Few things to improve (Common Voice) user experience and data quality. I don’t know where to send these ideas, let me post here:
A background noise is very useful for speech analysis.
Can we add from time to time (eg. every 30 utterances) recording (10s) of just a background noise?
When recording, the 10-second limit seems too low for longer prompts. How about the rule that this limit varies between 10-15 seconds and depends on the length of the text. E.g.
- Text with 5 words => limit is 10s
- Text with 12 words => limit is 12s
- Text with 15+ words = limit is 15s
When recording, showing the actual sound power level / graph (in DB) would be very helpful in seeing if the microphone has the appropriate sensitivity.
During listening, sometimes the recording is just silence.
I’ve noticed two potential reasons:
- It is a silence only - than we can have detector for that, no need to annotate.
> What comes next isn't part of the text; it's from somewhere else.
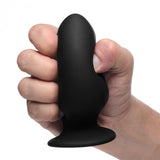 Squeeze-it Silexpan Anal Plug Black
If you need help, I can provide command line tool to detect most of silence recordings.
- Web browser didn’t cached audio properly, but it lets me press “Play”. This seems to be a sign of some bug, please double check. It happens more often when I had slow connection on Android mobile phone.
Showing the sound power graph (in DB) while listening would improve the judgment if it is too quiet or beginning non-speech is quite long and actual speech is delayed.
Showing a graph of the audio power while recording would avoid a fairly common problem that people start talking a bit too fast. And the first word is truncated.